# Wednesday...Oyster Time!



## Clay-Doh (Oct 2, 2007)

Great weather...we'll be there a little early than I usually am...shootin for 4 pm.

Gilligans Tiki Bar by the pool behind the Hampton Inn on Pcola Beach. Kids are welcome. Can't beat free raw oysters and dollar off draft for forum members!

I know the usual suspects will be there


----------



## rob883 (Oct 3, 2007)

we do greatly appreciate all that you do !!!!!


----------



## FishGolfDrink (Apr 19, 2011)

dang, how did I miss this?


----------



## Clay-Doh (Oct 2, 2007)

Rob, you weren't talking about me where ya? It's LoupGarou on here that runs the hotels and put this together a couple years ago. 
I just post it cuz I like seein a bunch of friendly faces up there!
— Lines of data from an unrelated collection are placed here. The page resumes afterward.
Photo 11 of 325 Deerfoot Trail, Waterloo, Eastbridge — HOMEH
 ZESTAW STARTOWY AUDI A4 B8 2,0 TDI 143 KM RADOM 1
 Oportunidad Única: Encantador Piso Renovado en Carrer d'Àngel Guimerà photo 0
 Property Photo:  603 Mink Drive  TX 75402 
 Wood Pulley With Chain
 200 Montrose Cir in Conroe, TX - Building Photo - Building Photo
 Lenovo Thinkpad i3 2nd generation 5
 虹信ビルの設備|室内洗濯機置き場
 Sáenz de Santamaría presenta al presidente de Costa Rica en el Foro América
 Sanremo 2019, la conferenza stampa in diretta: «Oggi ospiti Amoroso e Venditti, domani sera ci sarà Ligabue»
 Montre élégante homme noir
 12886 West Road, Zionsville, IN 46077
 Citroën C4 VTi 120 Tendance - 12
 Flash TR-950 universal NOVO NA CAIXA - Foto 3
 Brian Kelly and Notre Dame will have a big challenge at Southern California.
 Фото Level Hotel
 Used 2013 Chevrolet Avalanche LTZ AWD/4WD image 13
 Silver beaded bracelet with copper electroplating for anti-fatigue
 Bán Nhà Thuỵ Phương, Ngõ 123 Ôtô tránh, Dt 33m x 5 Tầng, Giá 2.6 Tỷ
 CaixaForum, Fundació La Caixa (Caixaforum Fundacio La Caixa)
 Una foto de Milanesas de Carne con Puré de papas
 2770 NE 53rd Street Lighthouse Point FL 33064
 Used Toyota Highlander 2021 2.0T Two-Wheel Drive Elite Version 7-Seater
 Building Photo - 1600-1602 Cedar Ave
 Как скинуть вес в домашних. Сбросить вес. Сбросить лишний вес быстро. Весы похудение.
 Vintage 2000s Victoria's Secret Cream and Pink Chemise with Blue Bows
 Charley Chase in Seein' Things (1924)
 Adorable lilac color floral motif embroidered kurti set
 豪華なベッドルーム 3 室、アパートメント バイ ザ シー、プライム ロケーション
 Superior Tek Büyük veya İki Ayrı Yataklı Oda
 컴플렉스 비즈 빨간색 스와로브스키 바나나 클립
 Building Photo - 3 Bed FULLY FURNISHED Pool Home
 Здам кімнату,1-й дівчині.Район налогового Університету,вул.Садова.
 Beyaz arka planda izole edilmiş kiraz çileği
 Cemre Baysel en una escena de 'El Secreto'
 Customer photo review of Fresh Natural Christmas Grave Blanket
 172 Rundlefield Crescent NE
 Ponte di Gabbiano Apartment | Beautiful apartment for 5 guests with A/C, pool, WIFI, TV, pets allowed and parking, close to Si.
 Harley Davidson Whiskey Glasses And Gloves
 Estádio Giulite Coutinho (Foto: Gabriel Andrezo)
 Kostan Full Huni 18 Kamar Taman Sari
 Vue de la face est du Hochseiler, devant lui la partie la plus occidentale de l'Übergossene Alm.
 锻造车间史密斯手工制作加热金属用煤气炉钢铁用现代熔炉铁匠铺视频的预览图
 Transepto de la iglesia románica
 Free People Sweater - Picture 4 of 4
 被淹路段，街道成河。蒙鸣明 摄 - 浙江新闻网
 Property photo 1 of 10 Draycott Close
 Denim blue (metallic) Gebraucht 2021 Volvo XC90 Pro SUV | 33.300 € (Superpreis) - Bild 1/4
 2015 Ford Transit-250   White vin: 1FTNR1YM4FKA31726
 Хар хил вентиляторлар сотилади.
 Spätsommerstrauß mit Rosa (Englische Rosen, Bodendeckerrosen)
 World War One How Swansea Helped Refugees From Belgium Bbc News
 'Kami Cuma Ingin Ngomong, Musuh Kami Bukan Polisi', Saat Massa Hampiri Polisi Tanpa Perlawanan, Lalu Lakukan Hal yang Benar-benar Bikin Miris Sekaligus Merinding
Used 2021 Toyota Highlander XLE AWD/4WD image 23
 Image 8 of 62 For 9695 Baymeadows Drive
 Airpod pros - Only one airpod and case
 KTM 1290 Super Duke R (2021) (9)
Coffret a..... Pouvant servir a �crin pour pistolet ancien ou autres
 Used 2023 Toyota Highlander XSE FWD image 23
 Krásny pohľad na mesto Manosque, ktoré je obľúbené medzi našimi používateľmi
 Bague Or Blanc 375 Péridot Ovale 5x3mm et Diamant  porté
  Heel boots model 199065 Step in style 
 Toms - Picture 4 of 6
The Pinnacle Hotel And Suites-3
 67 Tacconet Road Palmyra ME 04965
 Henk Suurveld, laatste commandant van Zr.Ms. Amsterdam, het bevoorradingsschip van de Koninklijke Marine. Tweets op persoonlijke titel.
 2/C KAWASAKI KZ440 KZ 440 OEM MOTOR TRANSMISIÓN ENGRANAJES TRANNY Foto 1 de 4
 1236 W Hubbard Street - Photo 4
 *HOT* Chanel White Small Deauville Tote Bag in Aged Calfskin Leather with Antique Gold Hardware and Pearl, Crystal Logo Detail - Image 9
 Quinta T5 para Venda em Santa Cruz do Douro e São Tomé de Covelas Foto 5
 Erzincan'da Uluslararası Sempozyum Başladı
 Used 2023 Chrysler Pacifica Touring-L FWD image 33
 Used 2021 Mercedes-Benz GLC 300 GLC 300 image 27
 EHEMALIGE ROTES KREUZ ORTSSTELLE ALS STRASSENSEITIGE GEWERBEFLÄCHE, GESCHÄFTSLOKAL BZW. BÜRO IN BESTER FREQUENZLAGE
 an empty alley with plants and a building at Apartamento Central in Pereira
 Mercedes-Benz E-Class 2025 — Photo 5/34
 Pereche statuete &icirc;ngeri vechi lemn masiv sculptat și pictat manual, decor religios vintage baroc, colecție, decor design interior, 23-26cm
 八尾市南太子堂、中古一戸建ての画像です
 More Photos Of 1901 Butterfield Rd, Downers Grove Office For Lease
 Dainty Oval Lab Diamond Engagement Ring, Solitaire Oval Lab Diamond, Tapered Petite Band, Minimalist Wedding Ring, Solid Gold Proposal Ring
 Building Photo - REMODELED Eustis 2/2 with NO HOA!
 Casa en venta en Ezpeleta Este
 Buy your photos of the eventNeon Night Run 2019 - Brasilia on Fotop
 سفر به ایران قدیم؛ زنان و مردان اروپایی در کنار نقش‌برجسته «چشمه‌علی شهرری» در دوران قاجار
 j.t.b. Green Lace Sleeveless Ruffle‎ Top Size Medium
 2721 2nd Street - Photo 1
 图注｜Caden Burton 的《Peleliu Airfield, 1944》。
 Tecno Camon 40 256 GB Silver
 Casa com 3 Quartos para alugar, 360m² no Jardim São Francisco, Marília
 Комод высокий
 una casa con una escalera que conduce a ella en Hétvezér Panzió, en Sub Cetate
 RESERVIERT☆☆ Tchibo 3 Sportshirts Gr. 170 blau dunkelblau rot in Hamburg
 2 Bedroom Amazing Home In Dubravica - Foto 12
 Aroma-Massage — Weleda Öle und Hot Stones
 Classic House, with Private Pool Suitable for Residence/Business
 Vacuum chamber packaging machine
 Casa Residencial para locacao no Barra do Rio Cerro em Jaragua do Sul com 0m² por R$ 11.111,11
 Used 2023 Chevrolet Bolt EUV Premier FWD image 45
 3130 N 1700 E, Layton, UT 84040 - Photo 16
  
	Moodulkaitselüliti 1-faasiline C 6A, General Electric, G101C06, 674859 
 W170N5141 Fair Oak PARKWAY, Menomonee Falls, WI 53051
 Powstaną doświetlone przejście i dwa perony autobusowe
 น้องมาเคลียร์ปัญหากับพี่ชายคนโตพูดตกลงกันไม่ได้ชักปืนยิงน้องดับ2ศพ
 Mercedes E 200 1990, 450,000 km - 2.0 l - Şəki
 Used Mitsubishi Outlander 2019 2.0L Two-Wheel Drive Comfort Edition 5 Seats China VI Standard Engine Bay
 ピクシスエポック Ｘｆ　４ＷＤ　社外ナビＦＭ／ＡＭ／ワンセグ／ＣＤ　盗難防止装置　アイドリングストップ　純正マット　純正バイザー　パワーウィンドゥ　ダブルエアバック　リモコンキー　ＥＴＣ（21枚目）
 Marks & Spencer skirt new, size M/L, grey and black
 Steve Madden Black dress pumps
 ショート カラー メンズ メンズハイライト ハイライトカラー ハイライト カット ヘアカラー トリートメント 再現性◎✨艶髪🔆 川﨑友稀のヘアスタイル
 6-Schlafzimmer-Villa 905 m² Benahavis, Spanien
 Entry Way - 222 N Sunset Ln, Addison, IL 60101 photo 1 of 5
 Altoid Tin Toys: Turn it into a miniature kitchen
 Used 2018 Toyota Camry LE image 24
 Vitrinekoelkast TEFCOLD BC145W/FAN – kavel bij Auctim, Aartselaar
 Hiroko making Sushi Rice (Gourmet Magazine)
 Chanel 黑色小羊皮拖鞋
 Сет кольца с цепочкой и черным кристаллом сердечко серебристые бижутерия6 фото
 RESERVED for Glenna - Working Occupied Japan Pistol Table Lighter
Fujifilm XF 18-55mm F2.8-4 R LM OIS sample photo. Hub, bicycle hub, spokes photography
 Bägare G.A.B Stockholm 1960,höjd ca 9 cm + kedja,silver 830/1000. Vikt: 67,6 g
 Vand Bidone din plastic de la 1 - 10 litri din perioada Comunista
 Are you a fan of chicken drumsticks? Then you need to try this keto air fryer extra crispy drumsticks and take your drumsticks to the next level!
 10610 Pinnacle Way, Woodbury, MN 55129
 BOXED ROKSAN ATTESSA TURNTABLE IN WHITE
Every wednesday if it's not raining! great crowd last night!!!


----------



## Snatch it (Feb 17, 2009)

How about this Wednesday 10/19/11 is it on


----------



## corrinas2 (Sep 27, 2007)

should be.....typically is.. all except fro last week due to deluna fest.... should have oysters tomarrow


----------



## Snatch it (Feb 17, 2009)

Cool


----------



## Fanner50 (Oct 25, 2011)

Is this every Wednesday? I love oysters.


----------



## corrinas2 (Sep 27, 2007)

yes its usually every wednesday... except when it is super super super cold out...


----------



## PorknBeans (Nov 21, 2007)

last one of the year this wednesday!?? ill be there


----------



## BananaTom (Feb 16, 2008)

PorknBeans said:


> last one of the year this wednesday!?? ill be there


*Nope, Not the Last One. *

*Just communicated with LoupGarou, he is going to keep it going past this week, for a period of time.*

*It will be at Lattitudes Tiki Hut, on Property at the Hilton Garden I**nn, Pensacola Beach, Pool side and Gulf View.*


*But that does not mean you should not come out tomorrow.*
*Been awhile Buddy.*


----------



## BananaTom (Feb 16, 2008)

*~Bumpty Bump~Bumpty Bump~Bumpty Bump~Bumpty Bump~Bumpty Bump~Bumpty Bump~Bumpty Bump~Bumpty Bump*


----------